La batalla estará en cómo se evalúan los hitos alcanzados y qué ocurre con las actuaciones en marcha que no lleguen a tiempo para su conclusión. En algunos asuntos, como vivienda, el Gobierno central está dispuesto a permitir que la "foto finish" se produzca en diciembre. La clave está en que algunos hitos fijados por Bruselas se evalúan en el conjunto del Estado y no actuación por actuación. Así, una política puede considerarse cumplida ante la Comisión aunque no todos los fondos de esa línea estén plenamente ejecutados en cada territorio.
Ninguna administración querrá ser señalada como culpable de una baja ejecución. Las devoluciones afectarán a gobiernos de todo signo, aunque algunas comunidades, como las gobernadas por el PP, ya se han puesto la venda antes de la herida. Su argumento es que el sistema de reparto fue excesivamente centralizado y dejó a los territorios poco margen para decidir, planificar y adaptar los proyectos a sus necesidades reales.
En Asturias, los próximos meses obligarán a pisar el acelerador. El Principado tiene asignados 791 millones de euros, aunque de manera efectiva solo ha ingresado hasta ahora 762. Según el Ejecutivo autonómico, hay abonados por actuaciones realizadas 483 millones, el 63,3% del total recibido. La oposición cuestiona esas cifras y descuenta las transferencias que el Principado realiza a otras administraciones, al entender que no equivalen necesariamente a ejecución final.

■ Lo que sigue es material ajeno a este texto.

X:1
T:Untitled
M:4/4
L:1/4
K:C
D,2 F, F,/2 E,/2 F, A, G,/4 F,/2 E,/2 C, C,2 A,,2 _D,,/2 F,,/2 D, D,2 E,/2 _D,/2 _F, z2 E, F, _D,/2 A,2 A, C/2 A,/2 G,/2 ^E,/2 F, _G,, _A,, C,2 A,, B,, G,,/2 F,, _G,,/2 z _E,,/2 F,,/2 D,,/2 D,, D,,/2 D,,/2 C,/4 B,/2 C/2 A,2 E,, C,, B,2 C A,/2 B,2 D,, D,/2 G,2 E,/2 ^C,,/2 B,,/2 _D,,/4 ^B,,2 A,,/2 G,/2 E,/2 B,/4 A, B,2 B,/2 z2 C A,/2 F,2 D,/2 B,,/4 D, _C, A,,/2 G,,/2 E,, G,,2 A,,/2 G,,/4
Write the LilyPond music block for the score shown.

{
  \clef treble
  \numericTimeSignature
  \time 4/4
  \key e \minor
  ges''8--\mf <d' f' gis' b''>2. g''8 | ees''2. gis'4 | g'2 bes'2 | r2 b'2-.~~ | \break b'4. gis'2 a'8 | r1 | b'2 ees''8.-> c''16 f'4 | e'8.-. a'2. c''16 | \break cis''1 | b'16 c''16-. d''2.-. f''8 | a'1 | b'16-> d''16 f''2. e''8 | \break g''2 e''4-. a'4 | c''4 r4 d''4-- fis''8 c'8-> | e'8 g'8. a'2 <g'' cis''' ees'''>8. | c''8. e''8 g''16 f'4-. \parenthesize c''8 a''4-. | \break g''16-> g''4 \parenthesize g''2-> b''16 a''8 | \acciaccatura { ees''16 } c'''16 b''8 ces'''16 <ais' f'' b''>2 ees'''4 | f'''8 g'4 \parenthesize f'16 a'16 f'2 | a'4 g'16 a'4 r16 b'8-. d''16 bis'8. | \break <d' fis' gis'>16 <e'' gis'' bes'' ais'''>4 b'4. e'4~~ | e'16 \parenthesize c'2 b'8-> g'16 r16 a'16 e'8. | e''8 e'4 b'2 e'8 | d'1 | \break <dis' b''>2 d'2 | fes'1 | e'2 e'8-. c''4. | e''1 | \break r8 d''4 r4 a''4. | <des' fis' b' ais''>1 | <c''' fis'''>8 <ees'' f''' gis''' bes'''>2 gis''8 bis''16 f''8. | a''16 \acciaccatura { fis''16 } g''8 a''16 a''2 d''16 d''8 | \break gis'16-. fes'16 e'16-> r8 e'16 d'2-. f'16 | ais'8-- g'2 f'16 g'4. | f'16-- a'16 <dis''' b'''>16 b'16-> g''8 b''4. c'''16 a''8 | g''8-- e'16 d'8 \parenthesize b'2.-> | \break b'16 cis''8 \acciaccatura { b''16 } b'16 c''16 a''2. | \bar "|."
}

La verdadera batalla de cifras llegará en verano. Entonces aflorarán iniciativas y organismos fascinados por la aparente lluvia de millones sin tener en cuenta que la clave no estaba en recibir dinero, sino en tener capacidad de gestión y ejecución. La situación vista en Cogersa, con la renuncia a varias actuaciones por incapacidad de cumplir los plazos, y la dilución de otras anunciadas con bombo y platillo anticipa la revisión política.
En medios del Gobierno asturiano se estima que se llegará a la fecha límite con una ejecución cumplida en torno al 90% del total. En los fondos ya recibidos, sostienen, está adjudicado el 93%. Pero en agosto el examen no será sobre lo anunciado ni sobre lo adjudicado, sino sobre lo ejecutado, certificado y concluido.
Hay, además, un aspecto orillado. La devolución tampoco será inocua. Hacienda exigirá intereses del 4,06%, como corresponde en la legislación que regula las subvenciones. No ejecutar no solo implicará devolver dinero europeo: tendrá coste añadido para el mal gestor. En agosto veremos qué parte de aquella lluvia de millones fue transformación real y qué parte quedó atrapada en el laberinto de la gestión. Porque incluso no hacer tiene su coste.